En menos de un mes, Barack Obama ha llorado dos veces en público: la primera mientras felicitaba y agradecía a su equipo de campaña su labor ante el resultado electoral y, la segunda, en su comparecencia en la Casa Blanca para analizar el brutal tiroteo en la escuela de Newtown y su desgarrador desenlace. Lágrimas para la victoria, lágrimas para la derrota.

En su alocución, el presidente Obama como padre. Las referencias a sus hijas y a sus sentimientos en relación a la pérdida de un hijo ofrecieron un registro conmovedor y auténtico. Obama transmitió, con sus palabras y su modo de sentirlas, un profundo dolor y consuelo a las familias de las víctimas. Resulta sincero, no imposta sus emociones. Pero la pregunta central es: ¿Qué hará para evitar más masacres?

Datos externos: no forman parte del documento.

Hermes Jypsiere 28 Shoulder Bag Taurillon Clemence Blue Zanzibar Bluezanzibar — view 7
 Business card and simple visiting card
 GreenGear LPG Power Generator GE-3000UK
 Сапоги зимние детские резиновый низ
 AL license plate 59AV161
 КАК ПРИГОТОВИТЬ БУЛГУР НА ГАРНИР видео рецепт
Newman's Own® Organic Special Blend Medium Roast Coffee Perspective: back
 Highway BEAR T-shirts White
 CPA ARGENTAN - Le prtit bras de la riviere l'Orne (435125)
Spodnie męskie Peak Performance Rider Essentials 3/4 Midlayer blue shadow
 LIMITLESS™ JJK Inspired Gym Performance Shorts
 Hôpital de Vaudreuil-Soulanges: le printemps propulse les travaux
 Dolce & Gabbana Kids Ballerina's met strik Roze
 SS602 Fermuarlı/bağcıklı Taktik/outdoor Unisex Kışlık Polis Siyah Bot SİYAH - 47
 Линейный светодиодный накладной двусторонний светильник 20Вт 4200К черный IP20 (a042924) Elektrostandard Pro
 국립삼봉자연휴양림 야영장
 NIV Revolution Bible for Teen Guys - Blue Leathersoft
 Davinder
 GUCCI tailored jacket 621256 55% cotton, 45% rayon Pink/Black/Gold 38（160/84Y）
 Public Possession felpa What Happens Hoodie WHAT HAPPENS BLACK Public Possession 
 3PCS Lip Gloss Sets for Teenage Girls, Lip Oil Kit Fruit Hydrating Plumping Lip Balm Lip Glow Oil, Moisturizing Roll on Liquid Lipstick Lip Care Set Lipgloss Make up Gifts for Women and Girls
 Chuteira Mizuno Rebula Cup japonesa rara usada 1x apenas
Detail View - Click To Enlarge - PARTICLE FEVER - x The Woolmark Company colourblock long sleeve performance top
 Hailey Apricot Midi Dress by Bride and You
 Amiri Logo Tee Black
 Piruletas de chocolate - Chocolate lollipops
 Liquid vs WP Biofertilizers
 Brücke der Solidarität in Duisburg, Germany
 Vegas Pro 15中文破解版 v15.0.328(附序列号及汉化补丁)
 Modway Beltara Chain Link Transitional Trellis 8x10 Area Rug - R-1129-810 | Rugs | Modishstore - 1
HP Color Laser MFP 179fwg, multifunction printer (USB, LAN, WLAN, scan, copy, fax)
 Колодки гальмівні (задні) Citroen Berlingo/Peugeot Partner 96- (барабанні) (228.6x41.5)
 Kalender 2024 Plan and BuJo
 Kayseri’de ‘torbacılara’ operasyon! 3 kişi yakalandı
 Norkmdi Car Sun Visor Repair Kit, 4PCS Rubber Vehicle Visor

En los próximos días, la sociedad norteamericana va a estar expuesta a una intensa emotividad. Según el portavoz del presidente, Jay Carney, no es "el momento para reabrir el debate sobre el derecho a la posesión de armas, recogido en la Constitución estadounidense". Pero si Obama no lo hace, difícilmente podrá cumplir su palabra: "Vamos a tener que unirnos y tomar medidas significativas para prevenir futuras tragedias".

Los datos son abrumadores. En Estados Unidos, en los últimos años, 23 matanzas crueles han sobrecogido a audiencias globales, pero cada año se dispara a 100.000 personas y 30.000 pierden la vida y, de todas ellas, casi nunca sabemos nada. Se calcula que hay 270 millones de armas en manos de civiles. Y la legislación para poseerlas sigue suavizándose y siendo cada vez más permisiva si cabe.

Obama se enfrenta a un desafío moral, legislativo y político que debe afrontar con coraje y sin demora, o no será la última vez que le veamos llorar. Lo hizo también cuando abrazó al esposo de la congresista Gabrielle Giffords, víctima del tiroteo de Tucson, Arizona. O, recientemente, en Aurora (Colorado), cuando consolaba a las víctimas de otro tiroteo producido dentro de una sala de cine.

Las lágrimas de Obama le dignifican. Pero su parálisis política le acusa. Y, siendo como es sincero, esto debe mortificarle. Las lágrimas de dolor pueden ser --también-- de impotencia e incapacidad. El presidente debe liderar una coalición moral (y política con alcaldes como el de Nueva York, Michael Bloomberg, por ejemplo) para luchar contra la legitimización de la violencia en su país que le permita una agenda de cambios legislativos imprescindibles para limitar, controlar y reducir la venta y proliferación de armas en manos de ciudadanos.

El hombre de la sonrisa arrebatadora también sabe llorar. En el 2011, en su discurso después del tiroteo de Tucson, Obama lanzó un llamamiento a una nueva era política "más civilizada". Pero en la campaña electoral ha callado, como todos. El país más poderoso del mundo está siendo corroído por una grave infección moral. El presidente tiene la legitimidad, la oportunidad y la responsabilidad de responder políticamente a esta degradación colectiva. Después de llorar, reaccionar. sin demora.